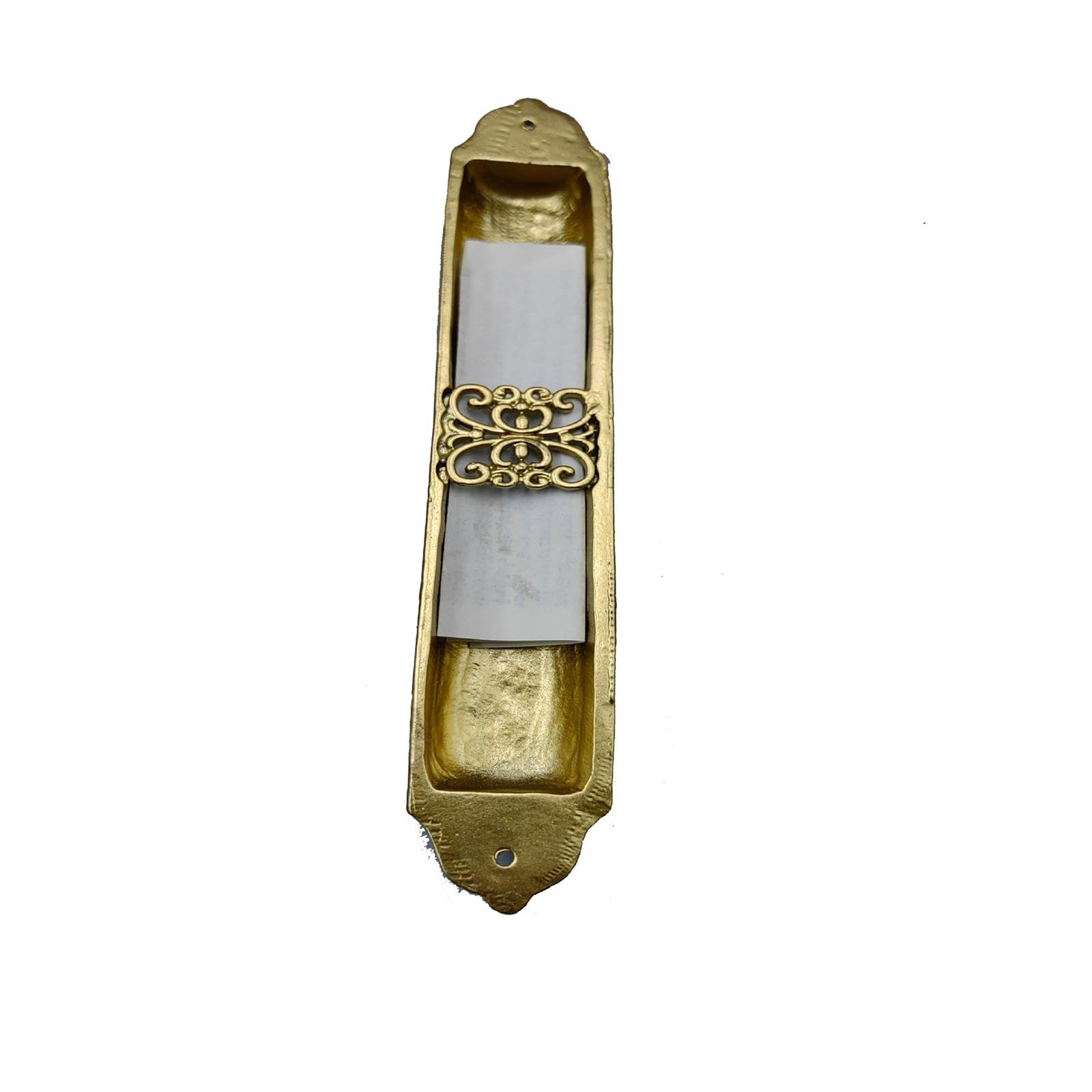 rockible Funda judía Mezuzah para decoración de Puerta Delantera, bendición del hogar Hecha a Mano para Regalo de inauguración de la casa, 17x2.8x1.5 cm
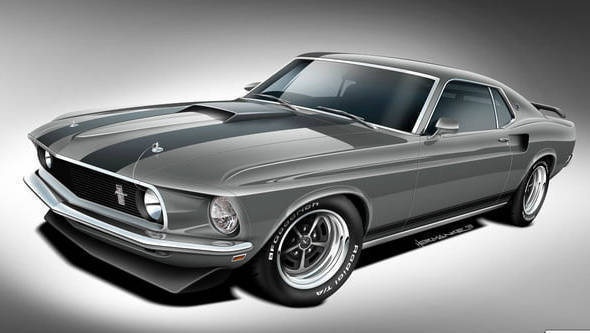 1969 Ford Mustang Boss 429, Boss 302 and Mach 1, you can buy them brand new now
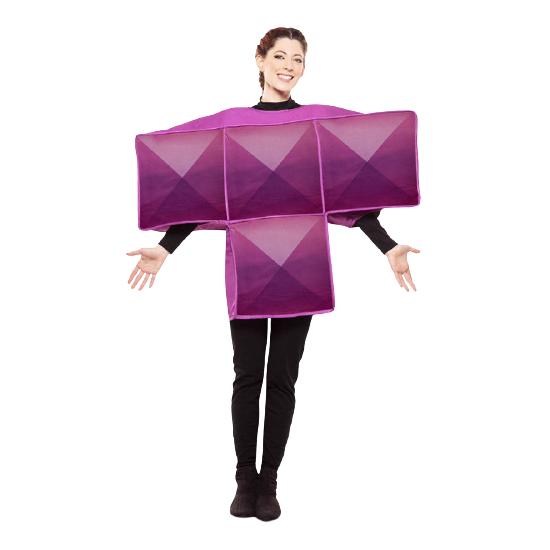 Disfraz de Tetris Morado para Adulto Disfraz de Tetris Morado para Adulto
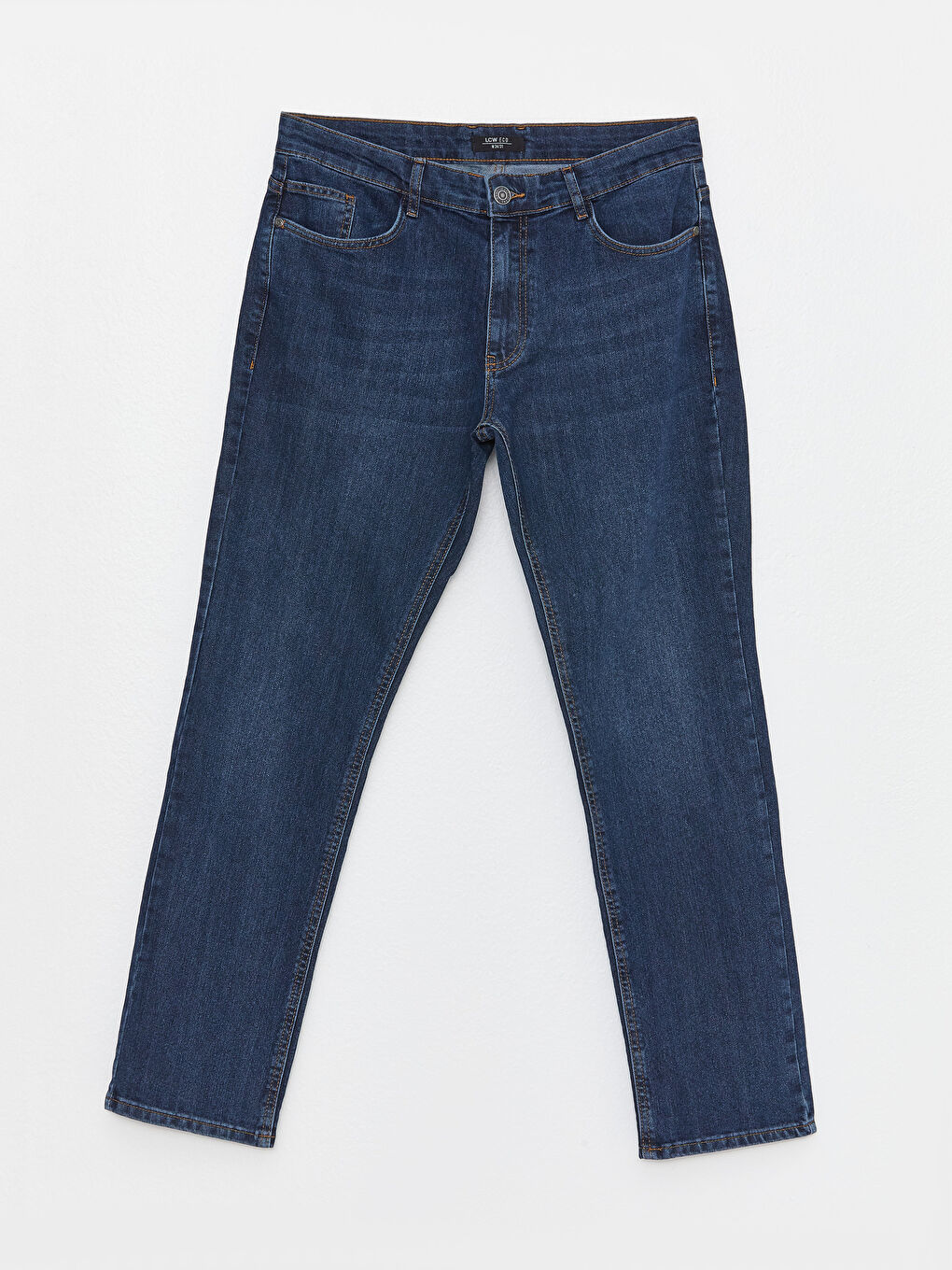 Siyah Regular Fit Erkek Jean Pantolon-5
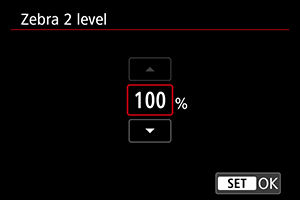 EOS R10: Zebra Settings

### What is required
Write out the whole listing verbatim, images excluded.

### Solved exercise
 rockible Funda judía Mezuzah para decoración de Puerta Delantera, bendición del hogar Hecha a Mano para Regalo de inauguración de la casa, 17x2.8x1.5 cm
 1969 Ford Mustang Boss 429, Boss 302 and Mach 1, you can buy them brand new now
 Disfraz de Tetris Morado para Adulto Disfraz de Tetris Morado para Adulto
 Siyah Regular Fit Erkek Jean Pantolon-5
 EOS R10: Zebra Settings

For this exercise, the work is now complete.